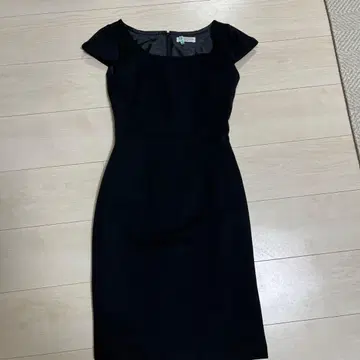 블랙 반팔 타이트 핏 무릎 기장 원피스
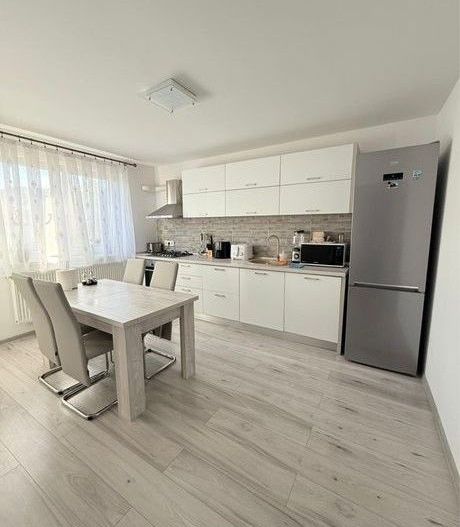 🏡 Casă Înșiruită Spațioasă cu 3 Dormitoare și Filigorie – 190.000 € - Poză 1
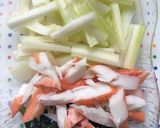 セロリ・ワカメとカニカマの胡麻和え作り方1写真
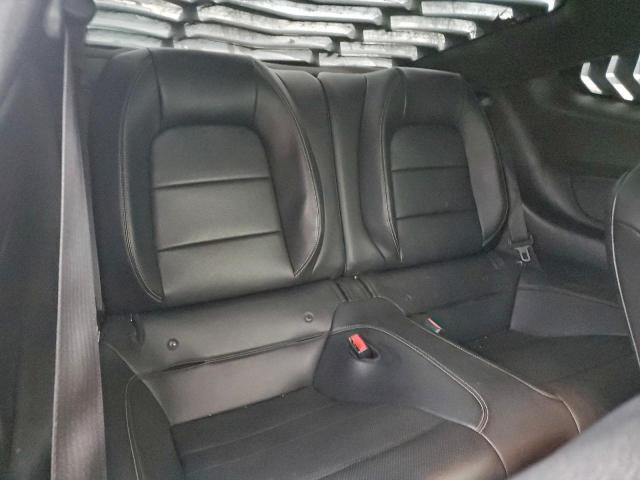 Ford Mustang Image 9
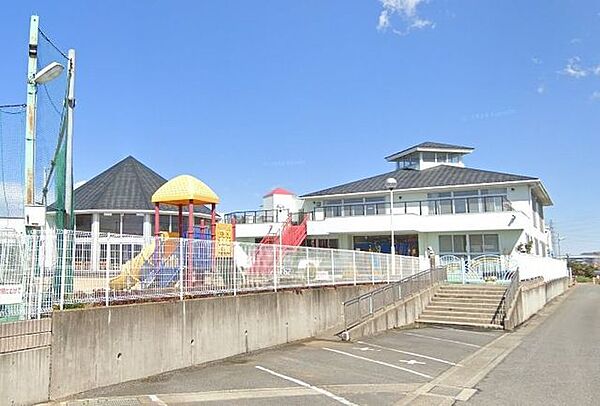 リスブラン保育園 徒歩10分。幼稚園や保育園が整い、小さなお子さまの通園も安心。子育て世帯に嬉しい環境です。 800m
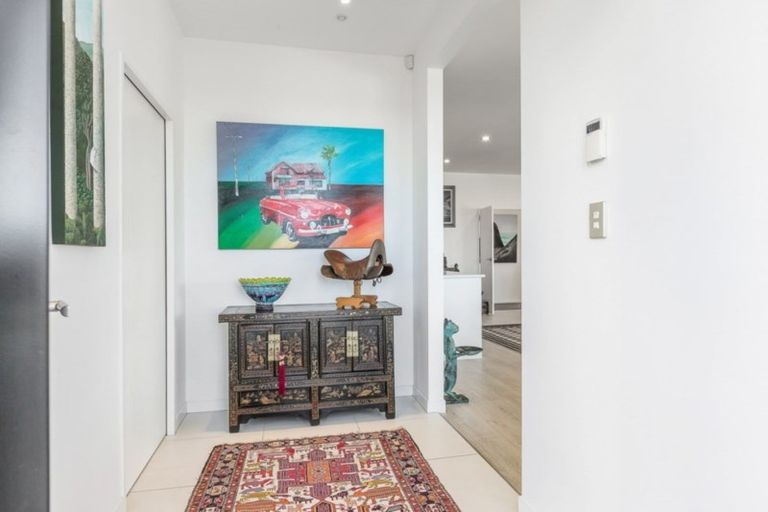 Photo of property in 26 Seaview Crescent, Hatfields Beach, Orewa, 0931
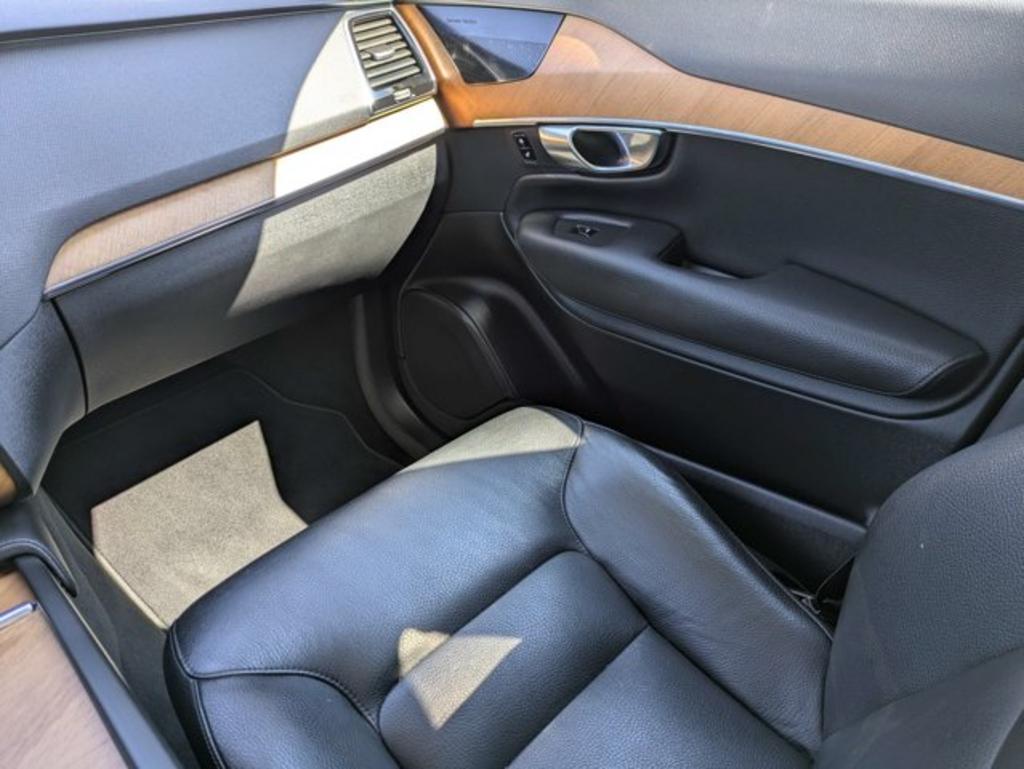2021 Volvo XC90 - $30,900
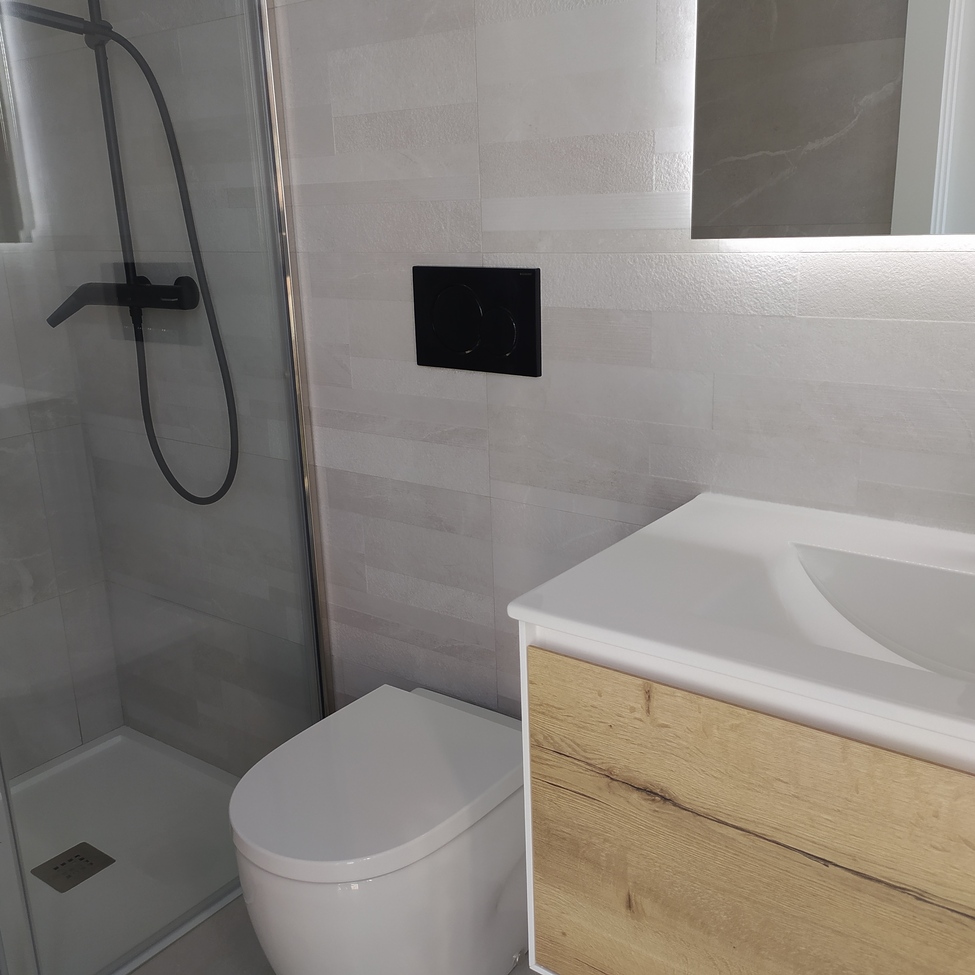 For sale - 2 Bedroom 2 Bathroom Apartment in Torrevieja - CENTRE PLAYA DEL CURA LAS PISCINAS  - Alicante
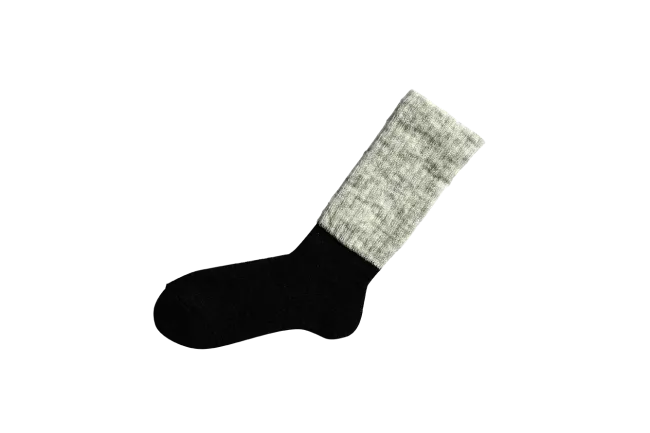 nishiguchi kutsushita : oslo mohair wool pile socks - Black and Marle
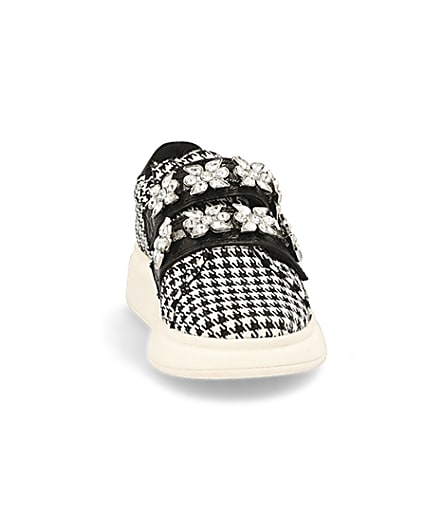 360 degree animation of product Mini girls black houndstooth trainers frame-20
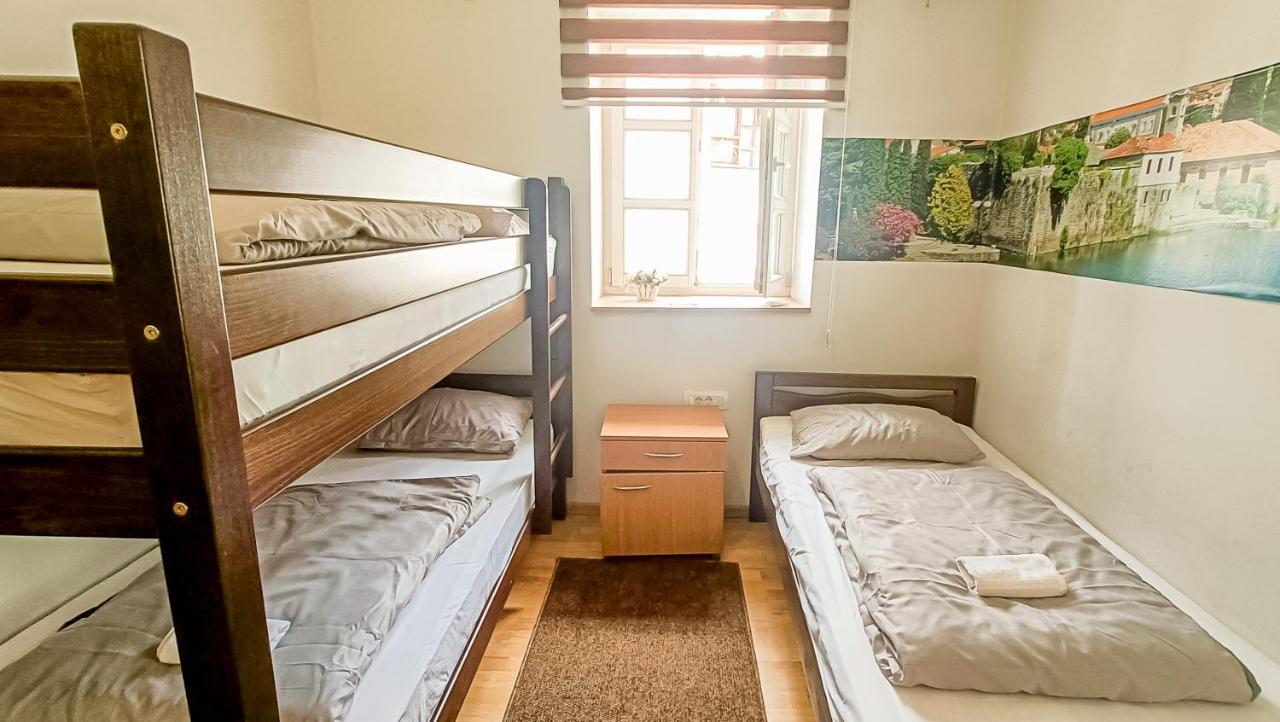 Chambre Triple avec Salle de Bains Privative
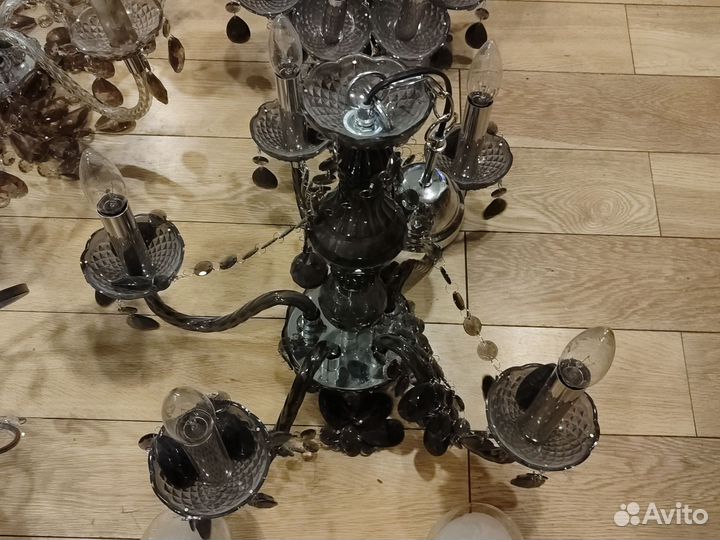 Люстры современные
++++++++++
Return every entry above word for word, leaving pictures out.

◆ **Exercise answer**:
 블랙 반팔 타이트 핏 무릎 기장 원피스
 🏡 Casă Înșiruită Spațioasă cu 3 Dormitoare și Filigorie – 190.000 € - Poză 1
 セロリ・ワカメとカニカマの胡麻和え作り方1写真
 Ford Mustang Image 9
 リスブラン保育園 徒歩10分。幼稚園や保育園が整い、小さなお子さまの通園も安心。子育て世帯に嬉しい環境です。 800m
 Photo of property in 26 Seaview Crescent, Hatfields Beach, Orewa, 0931
2021 Volvo XC90 - $30,900
 For sale - 2 Bedroom 2 Bathroom Apartment in Torrevieja - CENTRE PLAYA DEL CURA LAS PISCINAS  - Alicante
 nishiguchi kutsushita : oslo mohair wool pile socks - Black and Marle
 360 degree animation of product Mini girls black houndstooth trainers frame-20
 Chambre Triple avec Salle de Bains Privative
 Люстры современные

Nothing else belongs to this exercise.